What needs to be done:
Print the lines in the listing below starting at the line with "Rotai Eliptical Machine" and ending at the line with "Bijoux Flash Heart Black", both included. Reproduce them exactly and omit every picture.

Data listing:
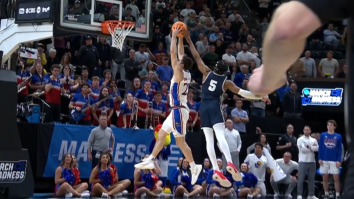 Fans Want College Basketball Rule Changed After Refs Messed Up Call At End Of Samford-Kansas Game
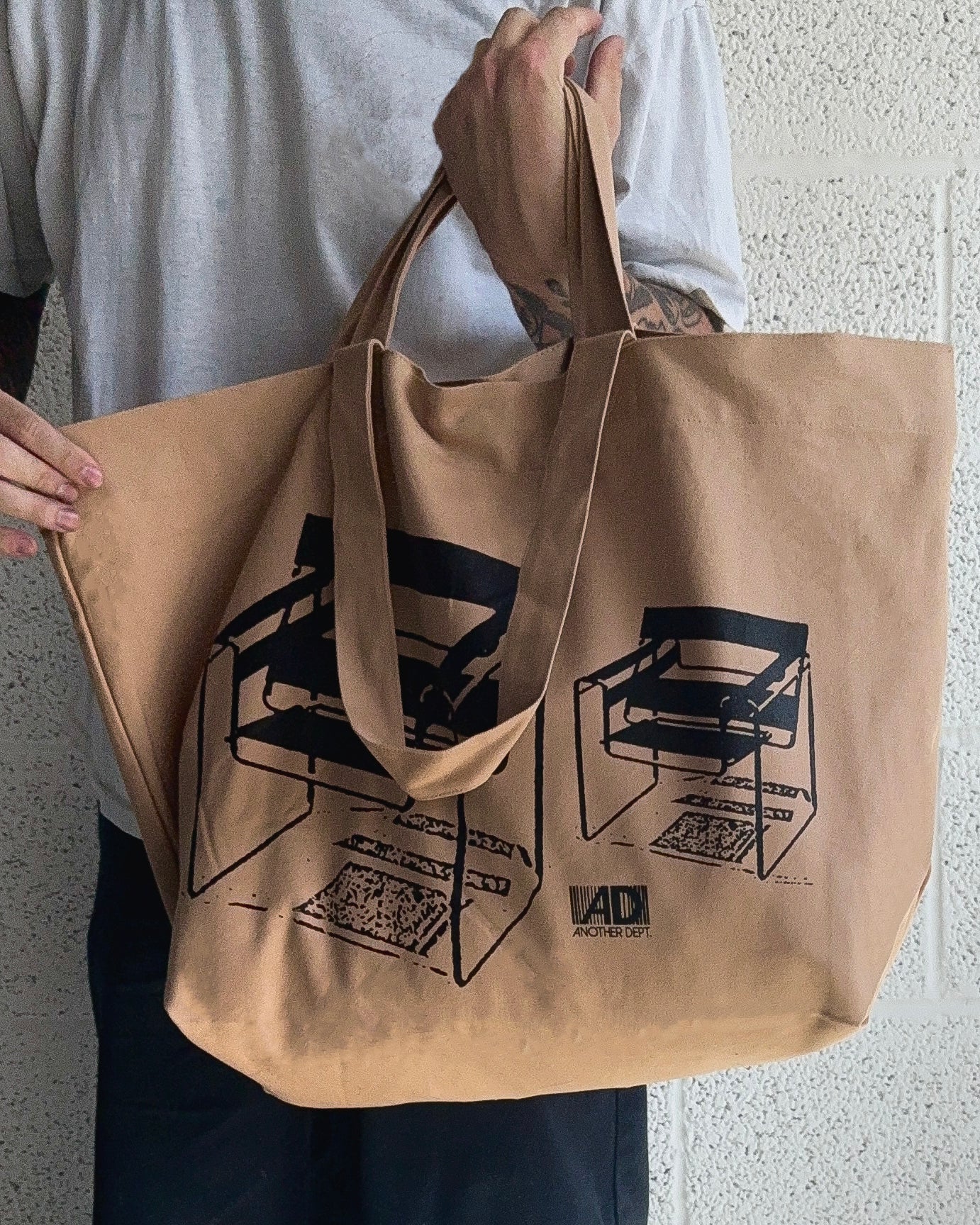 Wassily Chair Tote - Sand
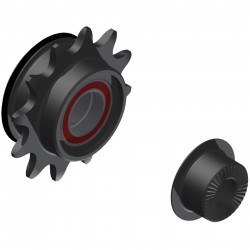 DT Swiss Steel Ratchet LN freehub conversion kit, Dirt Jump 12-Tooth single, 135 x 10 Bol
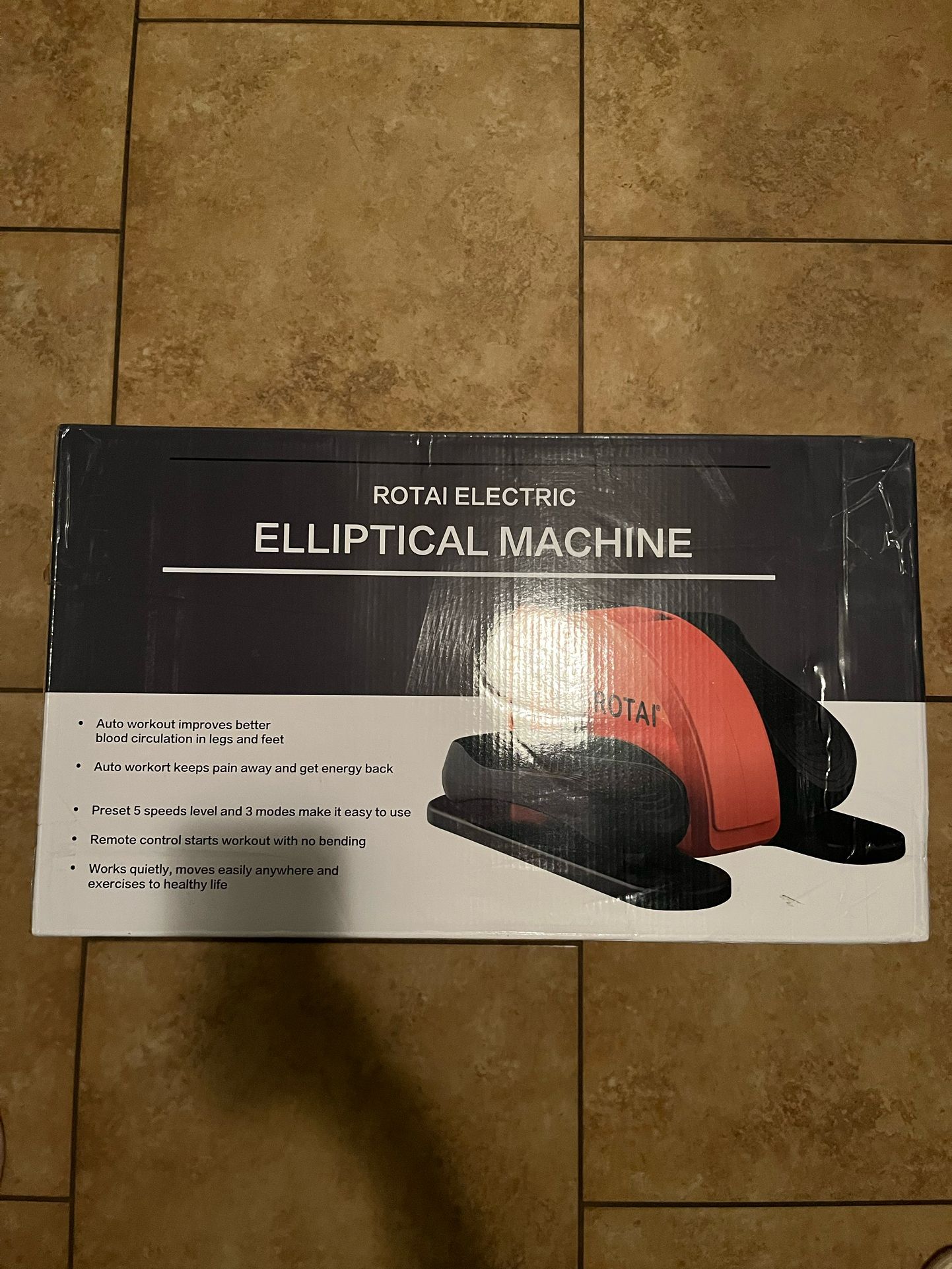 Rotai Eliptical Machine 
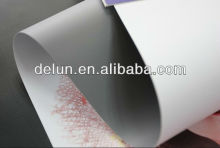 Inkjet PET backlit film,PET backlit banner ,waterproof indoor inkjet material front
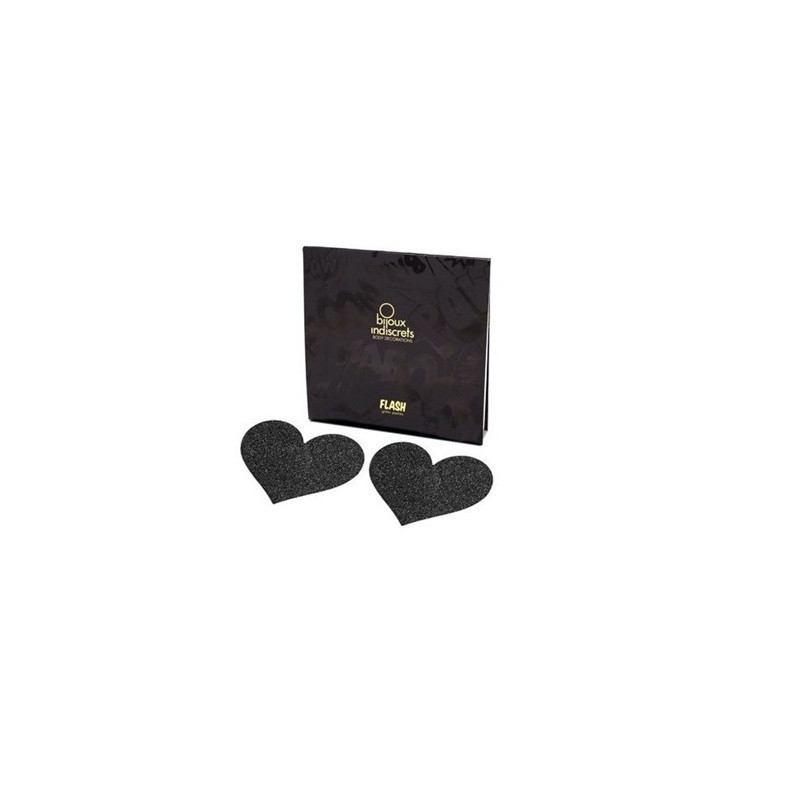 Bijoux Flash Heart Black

* * *

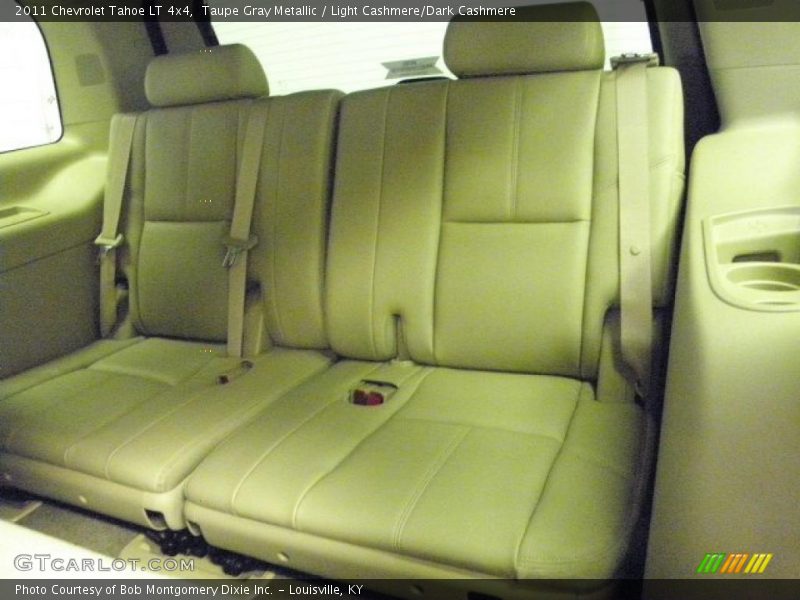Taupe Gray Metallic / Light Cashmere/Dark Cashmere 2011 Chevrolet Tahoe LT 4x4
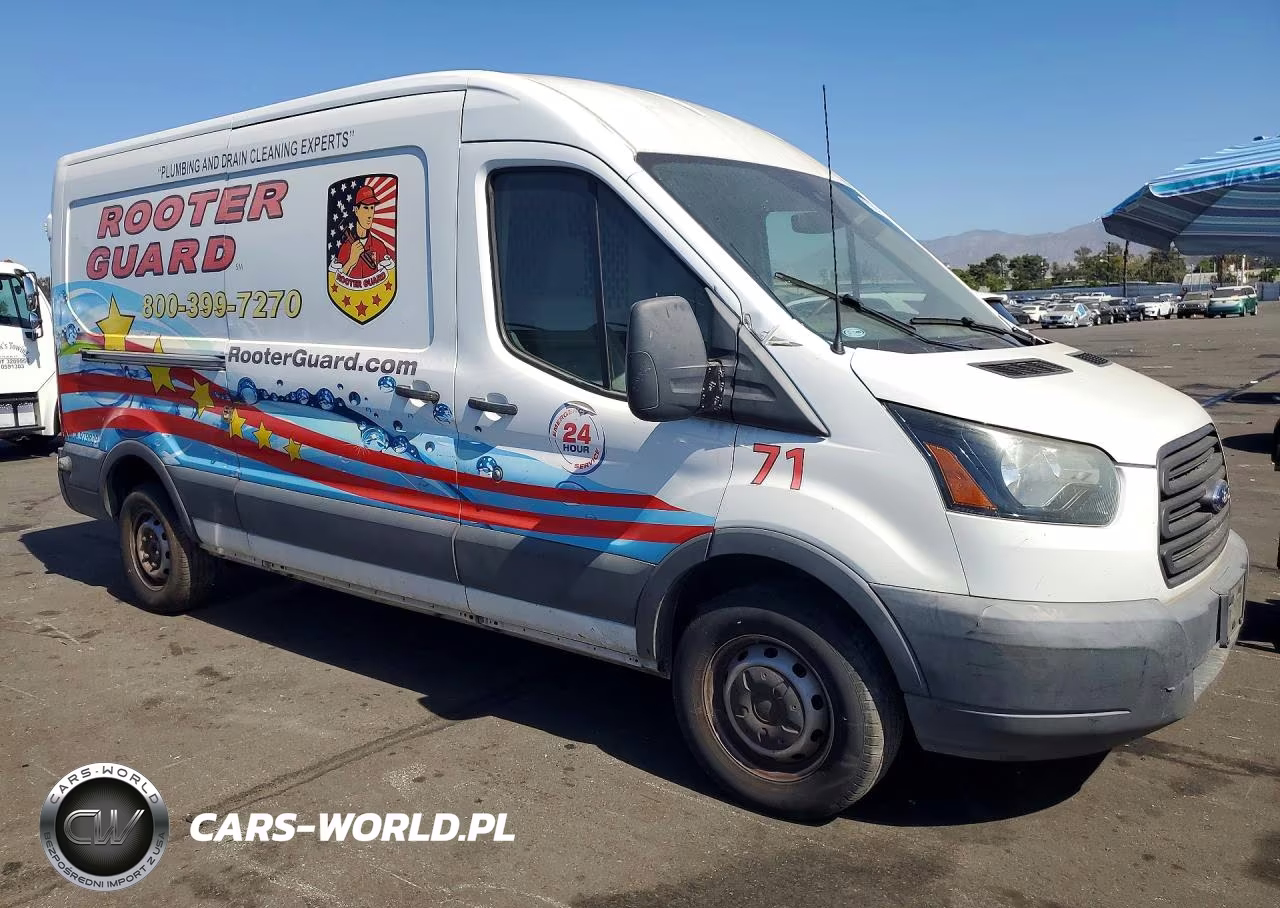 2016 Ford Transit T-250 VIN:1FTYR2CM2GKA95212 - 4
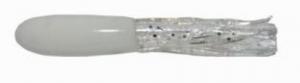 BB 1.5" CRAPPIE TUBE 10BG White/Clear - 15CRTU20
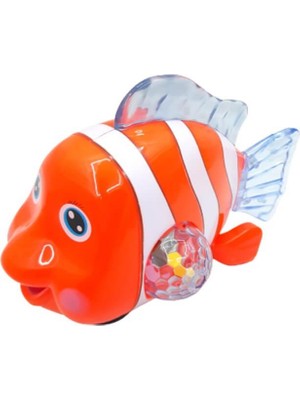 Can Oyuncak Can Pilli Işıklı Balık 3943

Result for this exercise:
 Rotai Eliptical Machine 
 Inkjet PET backlit film,PET backlit banner ,waterproof indoor inkjet material front
 Bijoux Flash Heart Black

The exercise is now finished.